With the widespread use of MEPs as a measure of efficacy in human TMS studies, the present investigation aimed to explore the effect of anesthetics on MEPs, as a potential complicating variable in mechanistic studies performed on animals. We compared two anesthetics, one that has been previously used to study TMS modulation of MEPs in rodents, xylazine/zoletil (Hsieh et al., 2015), and another that has frequently been used to study the excitability of single neurons and synaptic plasticity at monosynaptic connections, urethane (Reynolds and Wickens, 2000; Clement et al., 2008; Parr-Brownlie et al., 2009; Schulz et al., 2009; Wilson et al., 2010; Harris et al., 2014). To our knowledge urethane has not been used to study TMS effects on MEPs. We found that in animals anesthetized with urethane, it was possible to elicit MEPs over an extended baseline period, which remained stable. In contrast xylazine/zoletil, under the same recording conditions and baseline duration, showed a marked systematic baseline increase in responses. With both agents, levels of anesthesia were adjusted in each animal to the same suppression of peripheral responsiveness, i.e., the absence of a pedal reflex. With both agents, there was no induced modulation of MEP amplitudes when comparing the effects of an iTBS rTMS protocol with a sham protocol. However, there were marked qualitative differences in how MEPs ‘responded’ following the baseline period under both anesthetics.
Use of Anesthetics to Study Effects of TMS in Animals
Characterization of the effect of neuroactive compounds on TMS-evoked measures has been extensively discussed previously (Ziemann et al., 2015). In humans, motor threshold is elevated by sodium channel blockers (Ziemann et al., 1996; Boroojerdi et al., 2001) as well as by certain NMDA-receptor antagonists (Wohlfarth et al., 2000).
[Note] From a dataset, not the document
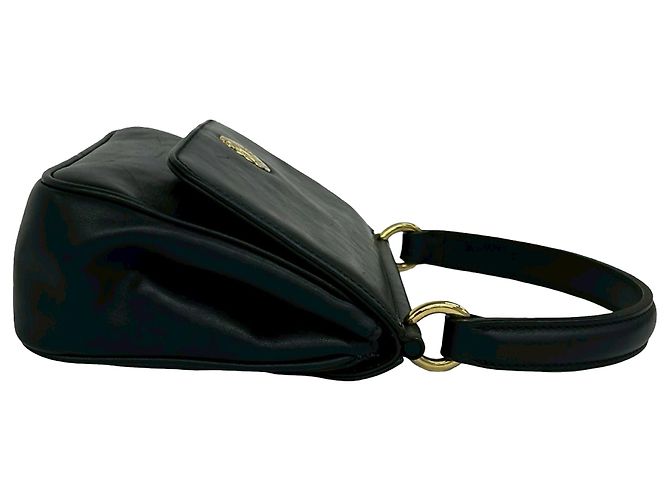 Bolso Satchel con solapa de cuero negro Burberry - vista 8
Even markers of plasticity, such as BDNF, are different after rTMS treatment in anesthetized vs. awake animals (Gersner et al., 2011). Hence the decision to use an anesthetic and the agent of choice must be carefully made, for the results of TMS studies in animals to be generalized to humans.
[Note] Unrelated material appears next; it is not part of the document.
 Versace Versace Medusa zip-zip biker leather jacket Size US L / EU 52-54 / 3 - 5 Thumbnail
In studies using MEPs as a measure of cortical excitability in rodents, anesthetics are frequently used, to avoid the neural and systemic stress effects of restraint. In the few studies investigating magnetically induced MEPs in animal models, there has been a great variation in anesthetic choice. These range from inhalants such as isoflurane and halothane (Luft et al., 2002; Deffeyes et al., 2015; Vinit et al., 2016), and injectable anesthetics such as sodium pentobarbital (Rotenberg et al., 2010; Vahabzadeh-Hagh et al., 2011), and xylazine/zoletil (Hsieh et al., 2015). All anesthetics are known to impact on neuronal function to varying degrees, with their exact mechanisms of action altering how this impact manifests (Angel and Gratton, 1982; Anis et al., 1983; Simons et al., 1992; Lahti et al., 1999; Antkowiak, 2002; Antunes et al., 2003). Xylazine, for example, is an α2-adrenoreceptor agonist (Greene and Thurmon, 1988), primarily used for muscle relaxation and sedation (Ko, 2013). It is also used in combination with other compounds such as ketamine or zoletil (Ferrari et al., 2005; Ko, 2013), because of its potentiating effects on anesthetic and analgesic effects. When used in conjunction with ketamine anesthesia, the effect is reportedly variable between animals (Green et al., 1981; Smith, 1993). Zoletil is itself a mix of tiletamine and zolazepam (Ko, 2013). Tiletamine is an NMDA-receptor antagonist, chemically related to ketamine and acts by fundamentally the same mechanisms, although it is more potent. Zolazepam is a benzodiazepine, a positive modulator of the GABA-A receptor, acting to decrease neuronal excitability (Griffin et al., 2013). Action at the NMDA receptor might potentially influence rTMS-induced cortical plasticity, which has been shown to require NMDA activation (Huang et al., 2007; Labedi et al., 2014). However, the demonstration of rTMS-induced plasticity by Hsieh et al. (2015), namely potentiation of MEPs after iTBS in healthy rats, has provided some evidence that iTBS-induced facilitation is observable using xylazine/zoletil.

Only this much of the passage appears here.